Even though the chili smelled a lot better than it looks, I still wasn’t convinced. So when it was my turn to order, I went with a tuna wrap and, in an attempt to placate my friends, a single cheese coney. It didn’t work. Todd just sighed and shook his head in disapproval. Our food was ready in minutes, and we seated ourselves at a nearby table.
I recall absolutely nothing about the tuna wrap, in terms of taste or flavor. I’m sure it was fine but, as far as great food experiences go, it doesn’t register as being remotely memorable. That’s what you get when you go to a chili place and order tuna.
What I do remember is that, as I took the last bite of my tuna wrap, I looked down at the single cheese coney on my plate. With most of the chili obscured by cheese, it actually looked quite a bit more appetizing than it did in the commercials. “Now or never,” I told myself, and reached to pick up the hot dog.

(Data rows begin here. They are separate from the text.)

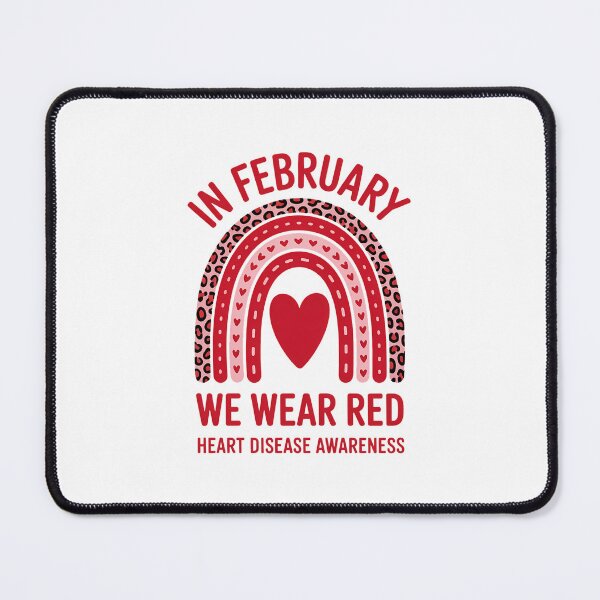 Item preview, In February We Wear Red for Heart Disease Awareness  designed and sold by Formatage.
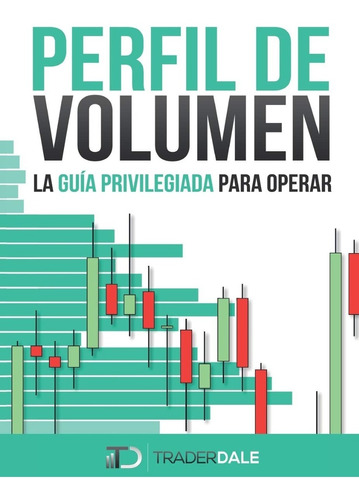 Libro Perfil De Volumen La Guía Privilegiada Para Operar 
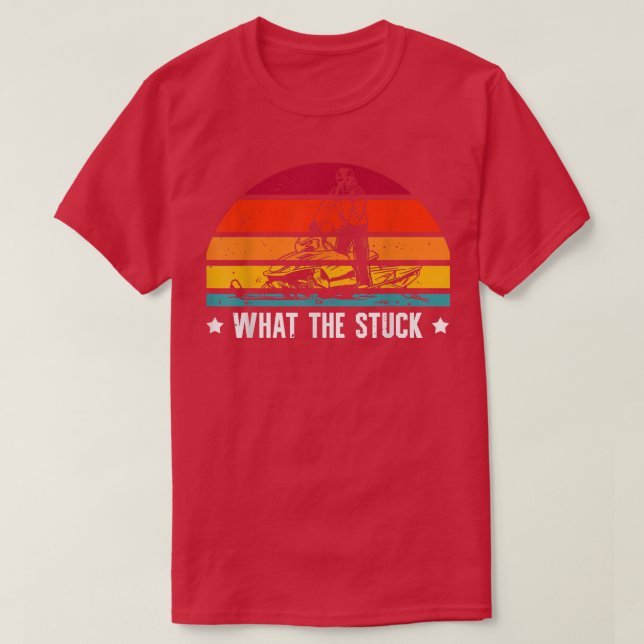 Snowmobile Riding What The Stuck 880 T-Shirt (Design Front)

I almost dropped the coney as soon as I took hold of it. As a result of being steamed, the bun was exceedingly soft—almost to the point of being squishy—and this threw me for a loop. Was this how it was supposed to be? I looked to my friends for guidance, but they were all too consumed with their food to pay me much attention.
Realizing that I was all on my own, I lifted the coney to my mouth and gingerly bit into it, fully expecting the worst… “the worst” being simultaneous bouts of vomiting and diarrhea while the creature from “Alien” explodes from my chest.

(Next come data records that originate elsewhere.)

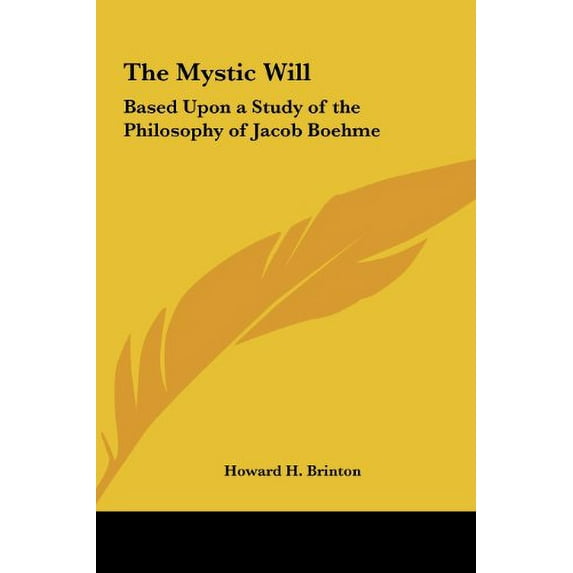 The Mystic Will: Based Upon a Study of the Philosophy of Jacob Boehme Hardcover 1161352775 9781161352771 Howard H. Brinton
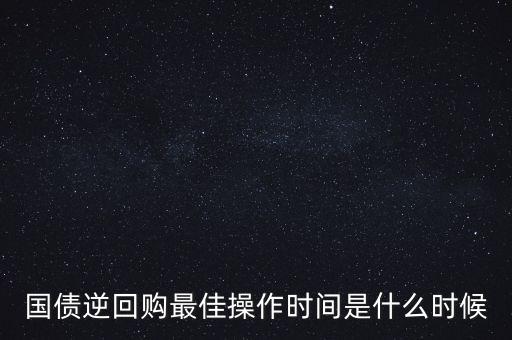 國債逆回購最佳操作時間是什么時候
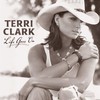 Terri Clark, Life Goes On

Instead of a painful and humiliating death, what I got was a delightful intermingling of flavors. Most prominent were beef, cloves, garlic, allspice, chili powder and mustard. But there were also unmistakable hints of chocolate and cinnamon. And of course, there’s the shredded cheese, which binds the other elements together as it melts, and imparts a mild cheddar taste.
The hot dog doesn’t bring much to the table in terms of flavor, but its purpose is really just to serve as a vessel for the chili. Ditto on the impossibly soft steamed bun, though its incredible softness works with the chili and the cheese in a way that a firmer bun would not. (The pasta in the spaghetti version is also there primarily as a vehicle for chili and cheese goodness.)

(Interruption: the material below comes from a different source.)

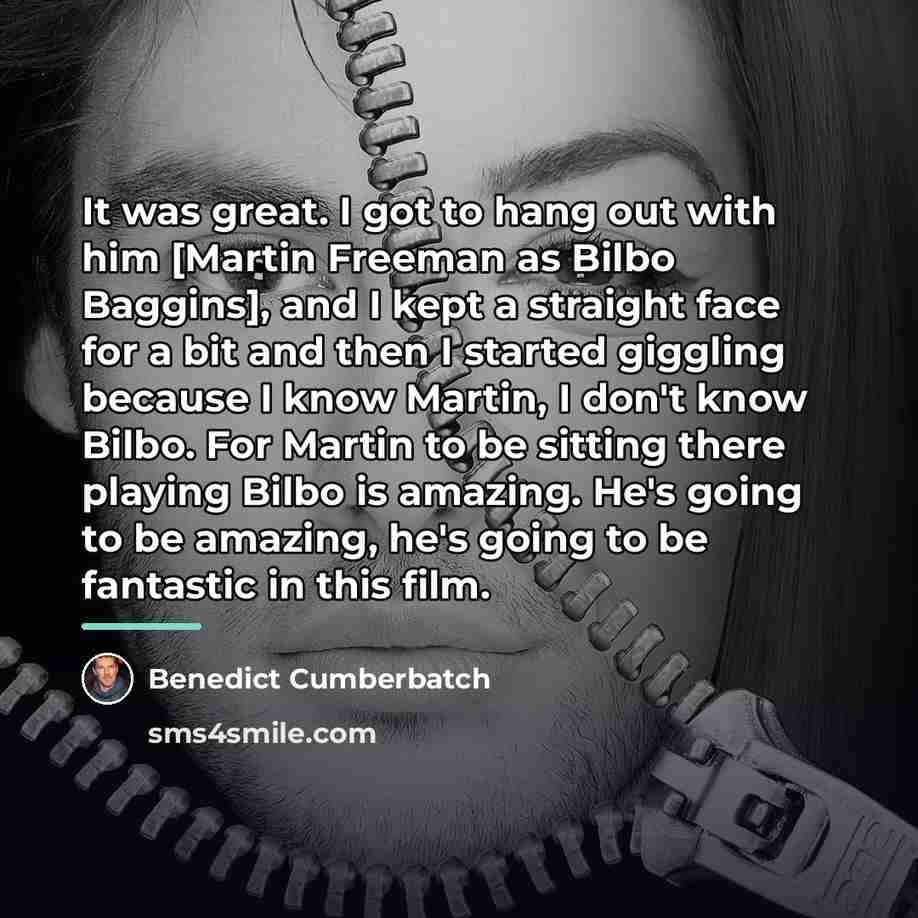“It was great. I got to hang out with him…” quote by Benedict Cumberbatch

After that first tentative bite, it took me about three seconds to wolf down the remainder of the cheese coney. Its not a difficult feat, since they are only about half the size of a standard size hot dog. One of my lunch companions had ordered more than he could eat, so I helped him out by devouring one of his coneys while someone else in our party called him a pussy. Before long, it was time to return to work. But six hours later, I was back at Skyline for some dinner time takeout consisting of more of those cheese coneys and a four-way with onions. Yes, it was probably overkill, but in all the best ways.
Over the years, I’d return to Skyline—and various other chili parlors—dozens, if not hundreds of times. Aside from that initial experiment with the tuna wrap, I never order anything other than cheese coneys or a four-way with onions… or sometimes, both. I won’t pretend that the chili is remotely sophisticated or healthy. It is neither. It is greasy, artery-clogging stuff. But it is also delicious, indulgent and satisfying… the perfect food to enjoy while watching a Reds game, or at the end of a night of drinking.
From a culinary standpoint, Skyline chili is one of the things I miss the most about Cincinnati. Since moving to Maine, I’ve tried to make my own chili a number of times using any of the dozens of “best guess” recipes found on the Internet (one such attempt will be documented in a future blog entry), and with varying degrees of success. But no matter how well my homemade batches turn out, it is never quite as good as the stuff they churn out in the seven hills of Cincinnati, Ohio.